TuneUp vs. Tagalicious

As mentioned above, I did not renew my Pollux license. This means that the comparison you’ll see is between TuneUp and Tagalicious. To compare the apps, I created a playlist comprised of 101 songs. I tried to provide a wide variety of genres, as well as throwing in songs that I know are problematic. There were two runs. The first run, used the songs with their existing tags (mostly provided by Pollux or TuneUp). For the second run, I selected the songs in the playlist and cleared all the fields (except song name).

First Round

In the testing, it was clear that Tagalicious was much faster than TuneUp. However, I suspect that this is because TuneUp is checking so many more sites for cover art (based on the number of alerts I got from Little Snitch, TuneUp must check 2 or 3 times what Tagalicious checks…at least). In the first round, Tagalicious processed the songs in 50 seconds, as compared to 3 minutes, 40 seconds for TuneUp. After the first pass, Tagalicious had tagged 50 of 101 songs. After two additional passes through the songs, it had tagged 77. Although I’m not clear why, Tagalicious seemed to improve over time.

After 3:42, TuneUp had tagged 98 songs. What’s interesting is that two of those songs (two songs that I have NEVER had identified properly), were properly tagged by Tagalicious. For the record, those songs were “Rice Rice Baby” by Weird Al and “Choppin’ Broccoli” by Dana Carvey.

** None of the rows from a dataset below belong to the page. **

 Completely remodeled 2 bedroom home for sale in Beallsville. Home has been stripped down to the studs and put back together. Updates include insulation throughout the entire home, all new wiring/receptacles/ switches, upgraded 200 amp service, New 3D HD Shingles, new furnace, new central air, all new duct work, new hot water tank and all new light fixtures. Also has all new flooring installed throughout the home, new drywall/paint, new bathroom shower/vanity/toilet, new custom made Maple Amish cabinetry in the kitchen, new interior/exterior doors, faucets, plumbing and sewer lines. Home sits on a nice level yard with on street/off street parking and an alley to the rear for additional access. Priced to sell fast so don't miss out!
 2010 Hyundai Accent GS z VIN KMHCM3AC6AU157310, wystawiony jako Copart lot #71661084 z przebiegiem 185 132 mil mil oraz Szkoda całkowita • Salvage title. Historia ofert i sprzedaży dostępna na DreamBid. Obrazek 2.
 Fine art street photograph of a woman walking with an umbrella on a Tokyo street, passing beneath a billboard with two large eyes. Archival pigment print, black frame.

In terms of tagging completions, TuneUp took round 1 (although it was slower in one pass than three passes through Tagalicious).

Second Round

For round 2, I cleared all MP3 info from the 101 songs except the song name.

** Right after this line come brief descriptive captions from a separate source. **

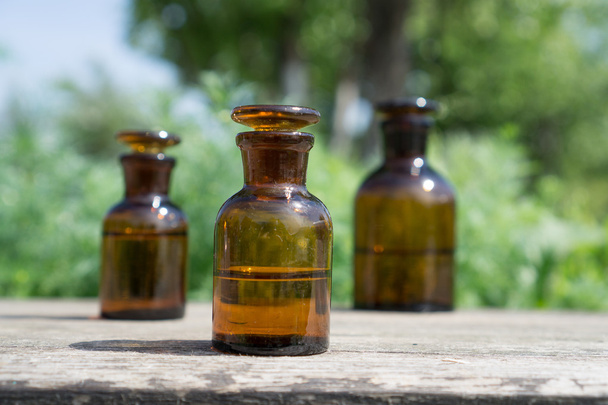 little brown bottles on wooden board and green grass - 写真・画像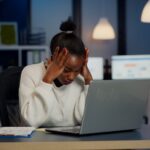 stressed-businesswoman-suffering-from-headache-work-doing-overtime-late-night-1024×576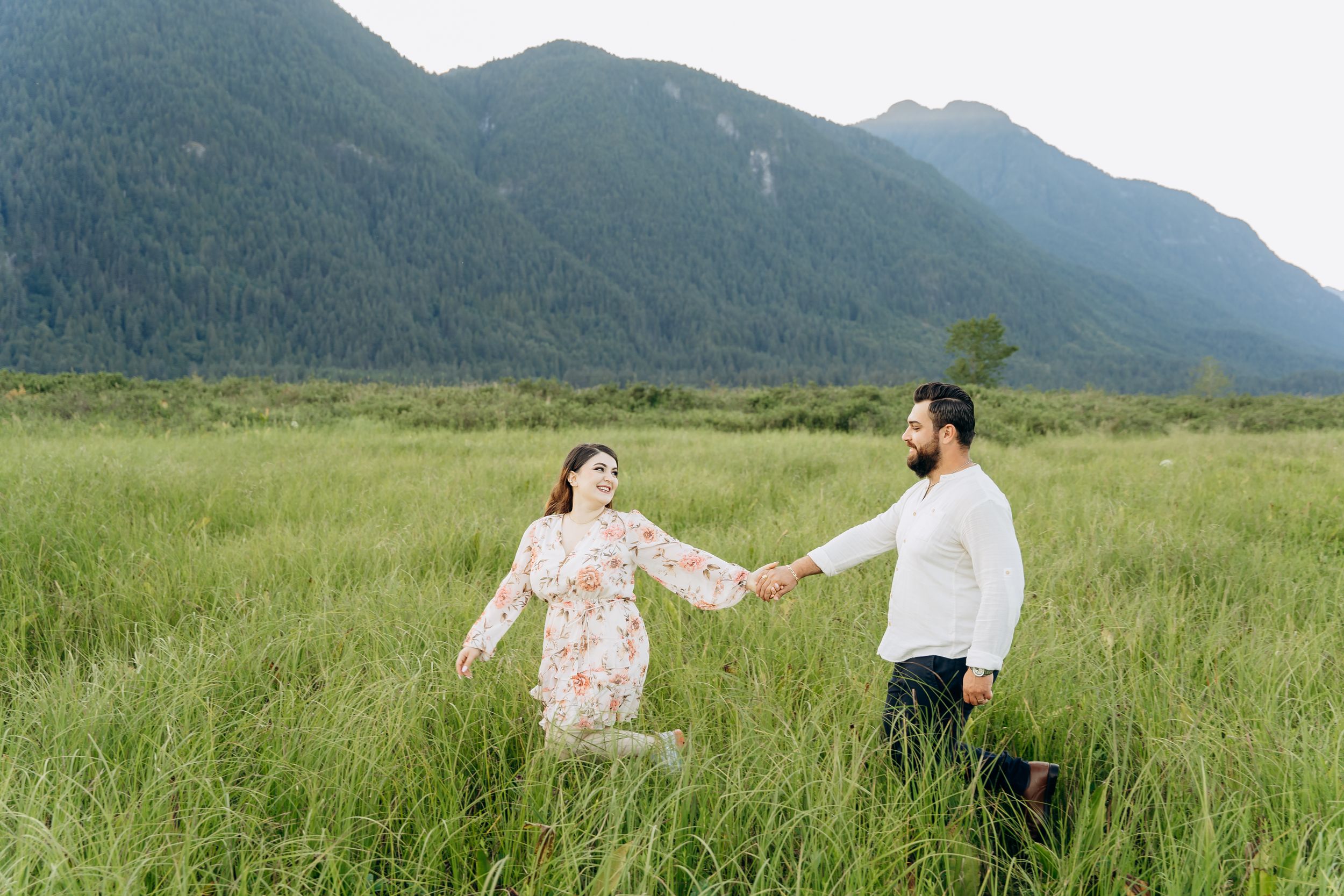 Couple walking and dancing together through scenic mountain meadows in a romantic photoshoot sequence.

Tagalicious processed the 101 songs in 27 seconds. It tagged 79 songs.

TuneUp took 3.5 minutes and tagged 75 songs. This suggests (to me) that TuneUp uses more than just the audio fingerprint to tag songs. It seems that it did better in round 1 because it had more information to start with.

Both apps had issues with songs recorded through Snowtape. I suppose this makes sense, since it isn’t always easy to get a clean cut on the songs (sometimes you just can’t manage to avoid overlap between the new song and the previous song or commercial). However, Tagalicious seemed to fare a bit better with Snowtape recordings.

Bottom Line

Tagalicious is much faster than TuneUp. I’m sure this is affected by TuneUp’s additional functionality (finding YouTube videos, concerts nearby, and a dogged determination to find cover art) but Tagalicious is also getting song lyrics in that time (functionality not provided by TuneUp). I like the way the program presents itself and the way the fact that it is standalone. It doesn’t seem to fill up the hard drive like CoverScout and, so far, seems more stable than Pollux or TuneUp. It also, in my opinion, provides a better, more informative, more flexible UI than the other apps.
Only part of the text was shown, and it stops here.